On what was Lippmann’s realism based? We must rule out the disenchantment that may come with deep reflection on experience, just as we must rule out serious scholarship or learning. He cannot be said ever to have tried to identify the sources of US foreign policy, or even to have investigated the conceptual framework in which the nation carried on its business at home and abroad. Certainly he did not live politics as someone responsible to a constituency: he never became a technical expert at running a political apparatus, encountering human resistances, fashioning new tactics as a result. No: he was a realist only so far as opinion was concerned. His skill was in using his considerable resources to maintain himself before the public, to gain an impressive social authority and, for fifty years, to keep it. One can respect that achievement, which is a formal and social one, more easily than most of the intellectual or moral ones which have been claimed for him by his admirers.
Lippmann’s career thus exemplifies his country’s choice of the style of reassuring authority over any concrete message or social vision. Why else do people still speak of Walter Cronkite as a Presidential candidate if it is not because of what Lippmann pioneered as a reliable media personality? The important thing for a European to understand about Lippmann is that he had the prestige of an Orwell, a Sartre or a Silone, a much wider audience than all of them together, without at any time actually having an intellectual’s mission.
To consider Lippmann’s case as an instance of the trahison des clercs is to apply canons of judgment where they are not completely pertinent.

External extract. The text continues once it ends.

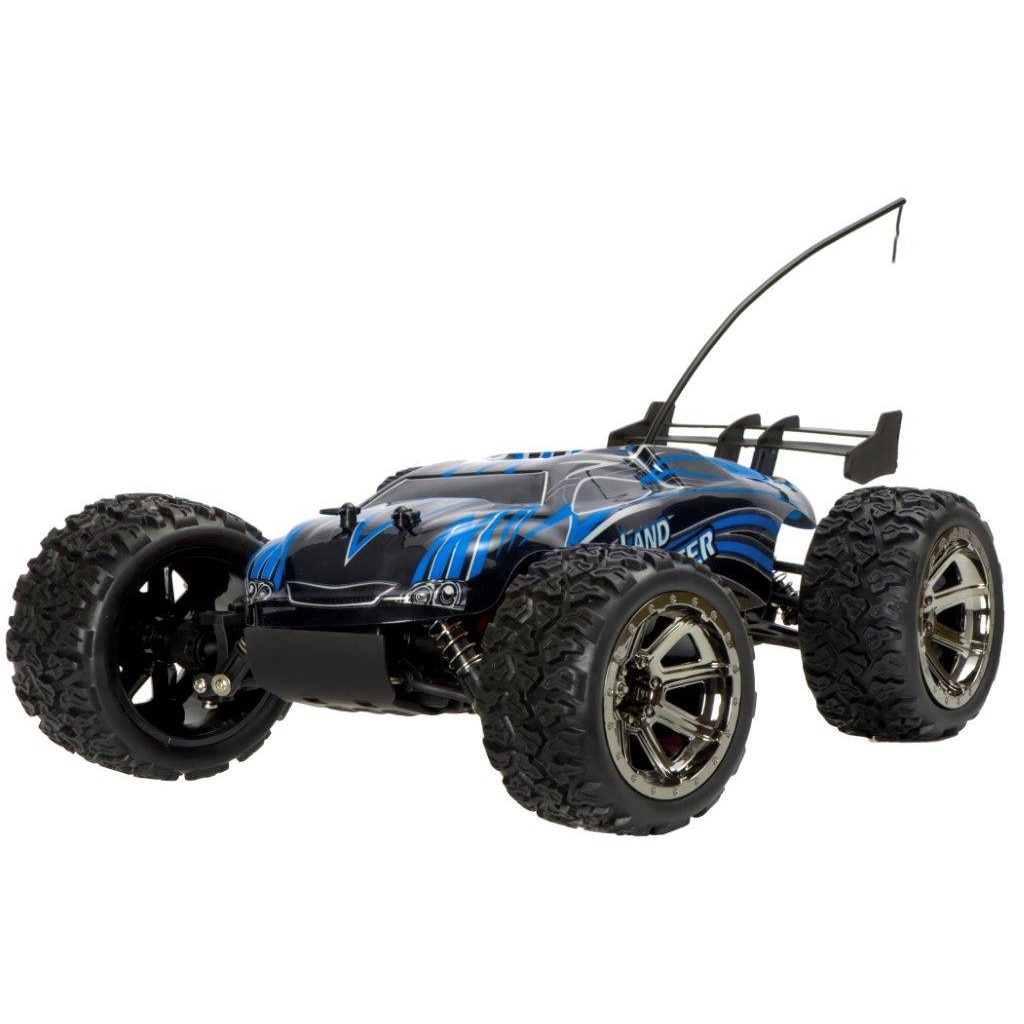 Land buster hot sale rc car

The relevant attitude is, I think, an investigative one. How did the ever-expanding contemporary information apparatus (of which the mass media are a branch) grow to such an extent as almost to swallow whole the intellectual’s function? How do a career and a status like Lippmann’s get sustained entirely by opinion: without necessary reference to reality or truth (most people, for example, never seemed to test Lippmann and other ‘insiders’ or experts against what really takes place in the world) or to principle? And, finally, what have the Western media done in creating personalities and worlds of opinion operating paradoxically in full, ostensibly free public view according to esoteric laws of their own? Has the modern journalist so effectively become mankind’s unacknowledged legislator?